Claire

January 16, 2023

high line by the months

march

Very gray-brown. Starting the season with Spring cutback 

april

before/after; even though there is more green, still cutting back the dead

0407 Party.jpg

always wanted to go to a shindig in the chelsea market passage space and I got to finally 🕺🏻. Altho, it was frigid, so it was a bit more stolid than I had always hoped 

may

Finally, green happy lushness 

❤️❤️❤️

installation of Women & Children


june

Some color beginning to poke through 
june's best taproot

july

Lots of colors and textures. I think the last pink flowers are Vintage Wine Coneflowers, which are available for adoption. This was one of Peter's first presents to me in our relationship (High Line's Adopt-A-Plant) ❤️

a nasty rash, later identified as an allergic reaction to euphorbia
july's best taproot

august

a field of flowers getting mowed/pre-mow/post-mow

planting planting planting

A whole lot of colors thriving and bustling, things that arrived earlier in the season beginning to die.

why do u litter :(

the offending plant, euphorbia (ง'̀-'́)ง 

in august, began to really struggle with the heat (make a towel wet with cold water and place it over your shoulders and neck for some help with body temp regulation. The first person that showed me this was Madeline 😘). but it would also help to get a mango chile paleta from La Newyorkina

august's best taproot

september

Green beginning to give way to brown. Certain insects beginning their yearly feasting as certain plants make their graceful natural decline. You know who I am

october

More browns and fall foliage. 

a late in the season aster that had popped up in the wrong spot that I got to take home 

november

Fall is fully falling 🍂

one of my last days out gardening :(

december/january/february

too cold outside so here are illustrated representations of the high line, including one by the Cevallos Bros.

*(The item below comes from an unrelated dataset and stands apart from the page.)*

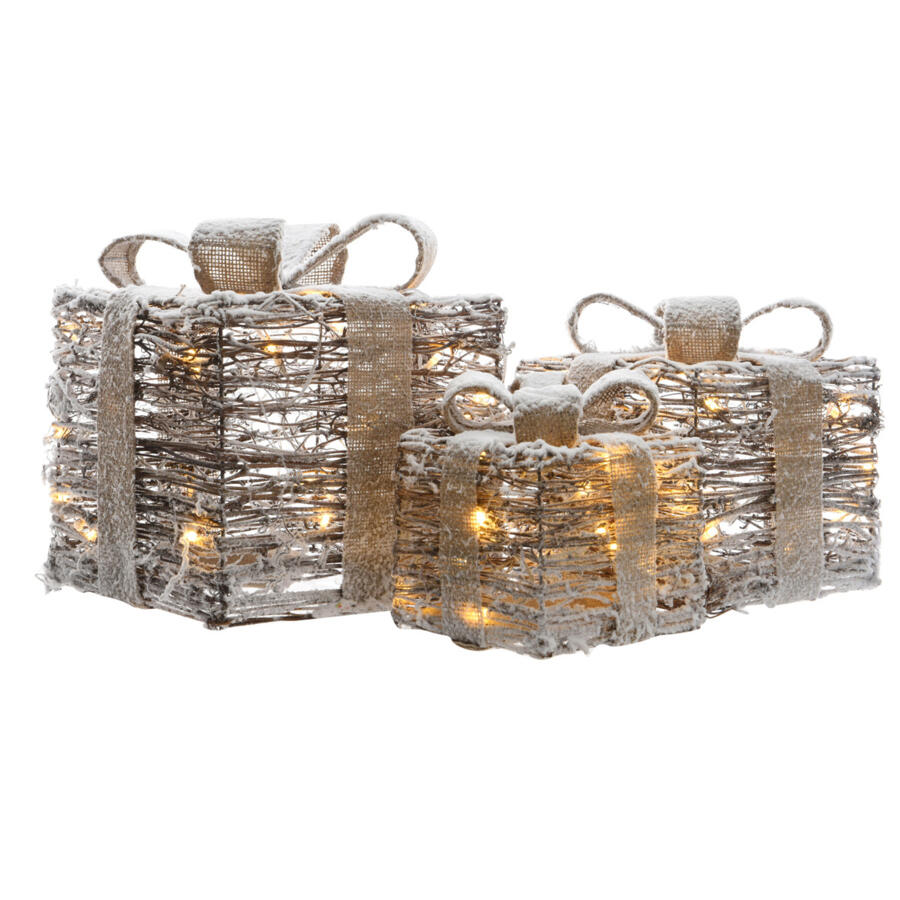 Set de 3 cadeaux ruban naturel à piles lumineux Blanc chaud 65 LED 4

a note on weeding & being in the world

Despite, or paradoxically because of, how repetitive, never-ending, and menial weeding is, I find the work extremely satisfying. When I'm able to be out in a garden, it feels like a precious, open space and time for my brain to think and wander. Something I often found myself thinking about was—(surprise, surprise) weeding itself. 

I thought about how uncanny the parallel is between weeding a garden and cultivating/facilitating/moderating a conversation. After noticing the way one plant would take over or was greedy for water/sun, we would help out the others in the garden by clearing and removing the high-consumption plants. When I felt shy or uncertain about pruning or weeding, my friend Boo would remind me that wild animals do a form of natural weeding, by eating the plants that are the most accessible.

Although, as is the case with discourse and the paradox of tolerance, the objectivity of deciding who belongs and who doesn't can get murky. A weed after all is only "a plant in the wrong place". Why exactly is one plant in the wrong place or another in the right; what is native when the ecology of a place has been so meddled with?

Where I've landed is to acknowledge the nuance here, continue observing what happens in the garden, continue reacting accordingly, and to leave the decision-making to the professionals. Either way, mucking around with dirt, leaves, roots, and bugs helps me manage when the world is feeling too big and overwhelming. To that end, concluding passages from two books come to mind: 

Left: Candide by Voltaire
Right: Woodcutters by Thomas Bernhard 
(Woodcutters' epigraph is a Voltaire quote: "Being unable to make people more reasonable, I preferred to be happy away from them.")

The feeling I'm left with in both of these books is the grounding notion of focusing on a smaller piece of the world, improving what you can, working on what's in front of you, and the powerful redemptive and restorative remedies found only when communing with nature. While this might seem like an excuse to retreat from the world, I like how this piece from Adam Gopnik maps the radical political action Voltaire was actually undertaking in society with the timeline of when he published Candide. When Candide's "garden" quote has been up to so much interpretation, maybe it's in Voltaire's actions that we should understand what he meant.